Мужчины и женщины, затаив дыхание, ждали ответа.
– Из Кулукулу, – пролепетал Квакка. – Только не мама. А Брекка, брат. Мою маму звали Ю-ю, она была красивая… Только она давно умерла. А теперь Брекка тоже умер. Его убили те дядьки, в хижинах. И Малька, и Рыбца, и близнецов. Но наши парни завалили стенку, и прижали их, и покололи копьями… Всех четверых! А потом мы пошли к женщинам. Женщины тоже дрались, но нас было много…
Дмитрию уже не хотелось ни спать, ни есть.
Он слушал тоненькое, сбивающееся на всхлипы хныканье и, не веря собственным ушам, пытался уразуметь: неужели этот заморыш, которого они так жалели, перерезал горло Мудрой? Неужели он подманил к смерти двух опытных урюков и сумел накидать лапшу на уши стольким взрослым?
Ор-рел…
И все лишь затем, чтобы понравиться Дгобози?
Не укладывалось в голове.
А бедный Квакка все говорил и говорил. Он рассказал уже почти все то, о чем нужно было помалкивать, и то, о чем не следовало вспоминать ни в коем случае, и даже то, про что он, казалось, уже заставил себя забыть. Даже об очень красивой тете, которую старшие, пришедшие из Дгахойемаро, не дали ни бить, ни убивать, а только оглушили и привязали к жерди, как свинку, сказав, что за эту тетю Багряный Вихрь сделает десятниками всех, даже малыша Квакку. Впрочем, об этом Лягушонок мог рассказывать, ведь он не сделал красивой ничего плохого. Лучше о ней, чем о том, как он, зажмурившись, провел ножом по горлу старухи, или как попробовал стать мужчиной, взгромоздившись на визгливую тетку, чье ожерелье старшие потом дали ему для бабушки…
– Утопить! – негромко, но отчетливо сказал Н'харо. Черноволосая как ножом чиркнула по нему пронзительным взглядом, и гигант отшатнулся, втянув голову в плечи. – Да ладно, девчата, я что… Я как лучше…

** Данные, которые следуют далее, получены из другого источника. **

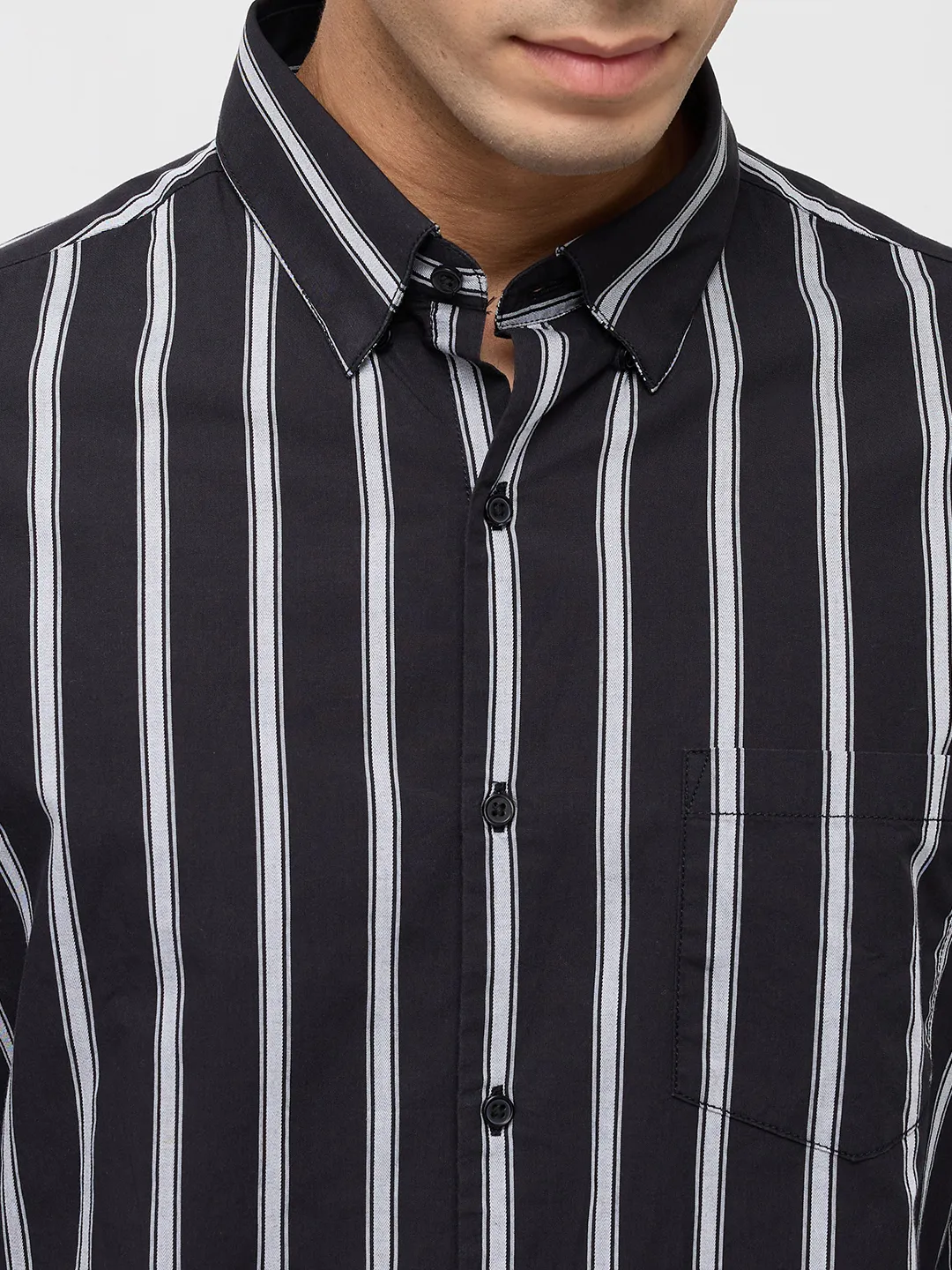 Men Shirt Stripe Black Regular Fit - Image 6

Квакку корчило. Сотни женских глаз, недавно таких добрых, впились в него, жгучими крючьями перемета разрывая нутро, вытягивая из сердца, из печени, из селезенки правду – всю, до конца, до полной амамбы. Он попытался зажать рот руками, но слова, больно опалив ладошки, все равно вырвались наружу. И Лягушонок замолчал не раньше, чем припомнил последнюю подробность и не скрыл мельчайшую деталь минувшей ночи.
Когда же слова наконец закончились, в вибрирующей, придавившей площадь тишине охнула одна из женщин:
– Смотрите, он же не отбрасывает тени!
И толпа отступила на шаг от помоста.
Лишь теперь понял Квакка, что до сих пор не знал о страхе ничего.
Взгляды женщин слились в один взгляд. Огромный черный зрачок давил, выкручивал, втягивал и выплевывал обратно, замешивая Лягушонка, как бабушка – душистую рыботесту к Празднику Чешуи.
Факелы стали тускнеть, и боль приутихла.
Потом исчезла вовсе.
А в пустых хижинах сперва тихонько, но с каждым мгновением все громче зазвучал металл. Не чистым звоном оружия было это, а глухим, надреснутым перестуком. Котлы и блюда, мерзнущие в стылых очагах, кричали, оживленные незримым пламенем Нгао, женской ненависти, зовущей к отмщению и отрицающей милость.
Нестройный грохот неторопливо поднялся в Высь, и вскоре вдали зародился невнятный, постепенно нарастающий отклик. Сперва слабенький, как отдаленное эхо, он распахивался вширь, наплывал перекатами, словно вода в паводок, ритм ежесекундно учащался, пульсировал, словно самое сердце сельвы все быстрее гнало по жилам зеленую кровь. Потом удары смешались, слились в один сплошной неразделимый рокот, заполнили Высь, словно там, в ночи, собиралась большая гроза, предупреждая о своем приходе тревожным громом. Котлы Межземья и гор откликались на крик котлов Кхарьяйри – сами по себе. А вскоре в резкий перезвон закопченного металла влился и окреп глубокий, ровный гул туго натянутой кожи, спустя какое-то время подмявший и поглотивший все остальные звуки. Пристыженные вестниками Нгао, не ожидая пробуждения людей, один за другим просыпались боевые там тамы…
А женщины расходились.
Их ждали очаги, стосковавшиеся по огню.
И хотя лица их в предрассветных сумерках были совсем обычны, мужья и братья все еще кучковались поодаль, не спеша приближаться и вновь утверждать мужскую власть.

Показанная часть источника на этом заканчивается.